_Task item_: Keep the wording of each record exactly the same when you repeat it, and leave out pictures.

(Extracted data entries)
──────────────────────────────

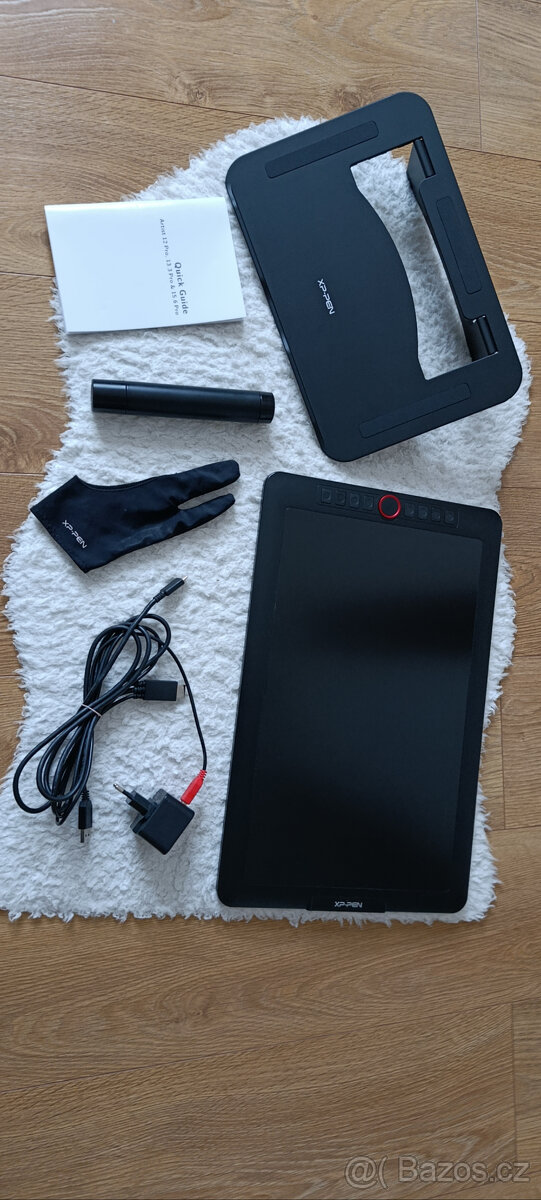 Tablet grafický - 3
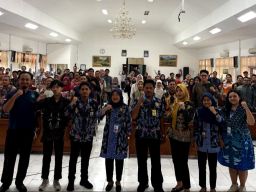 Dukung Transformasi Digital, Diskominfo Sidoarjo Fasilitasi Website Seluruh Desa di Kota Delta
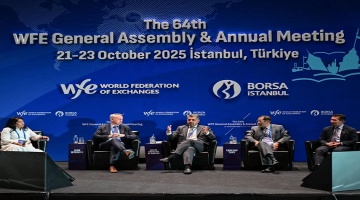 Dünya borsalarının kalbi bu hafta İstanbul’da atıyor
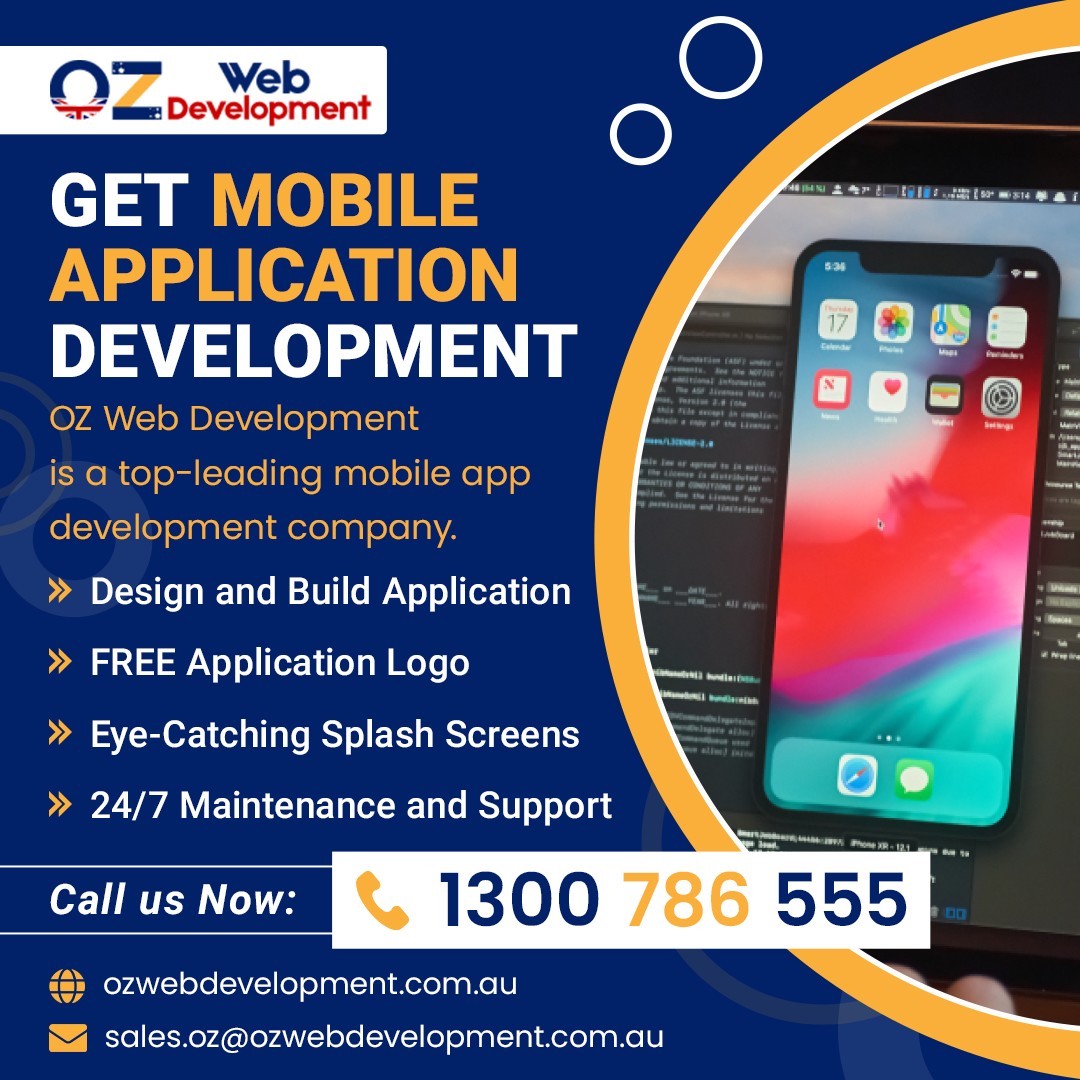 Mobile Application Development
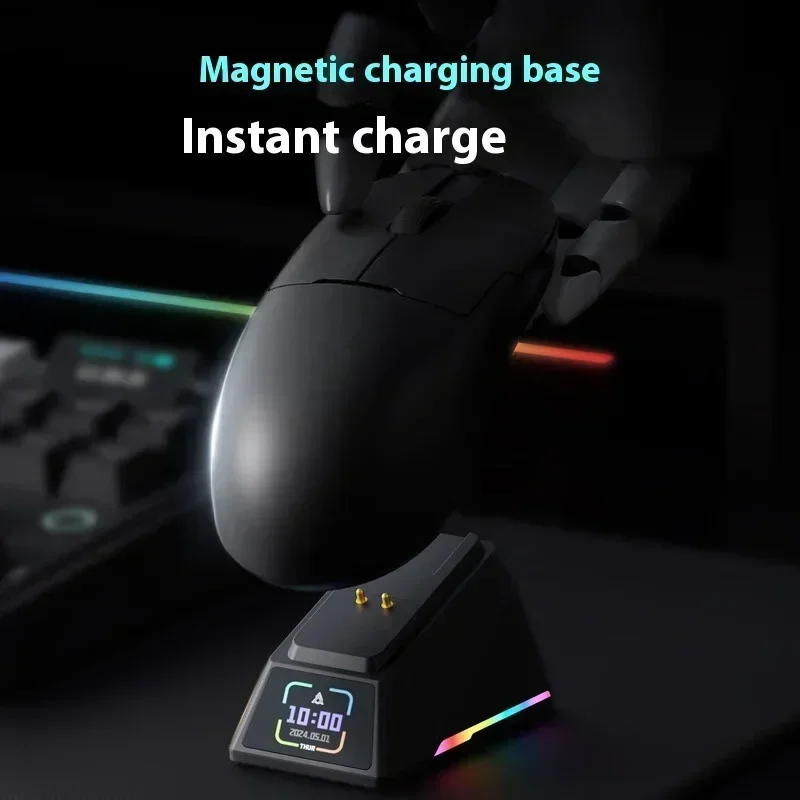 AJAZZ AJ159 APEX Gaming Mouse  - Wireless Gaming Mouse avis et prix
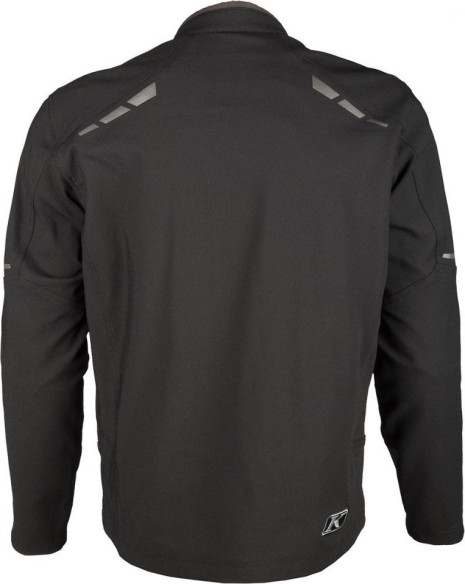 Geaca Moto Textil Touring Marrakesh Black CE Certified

──────────────────────────────

_Response for this exercise_:
 Tablet grafický - 3
 Dukung Transformasi Digital, Diskominfo Sidoarjo Fasilitasi Website Seluruh Desa di Kota Delta
 Dünya borsalarının kalbi bu hafta İstanbul’da atıyor
 Mobile Application Development
 AJAZZ AJ159 APEX Gaming Mouse  - Wireless Gaming Mouse avis et prix
 Geaca Moto Textil Touring Marrakesh Black CE Certified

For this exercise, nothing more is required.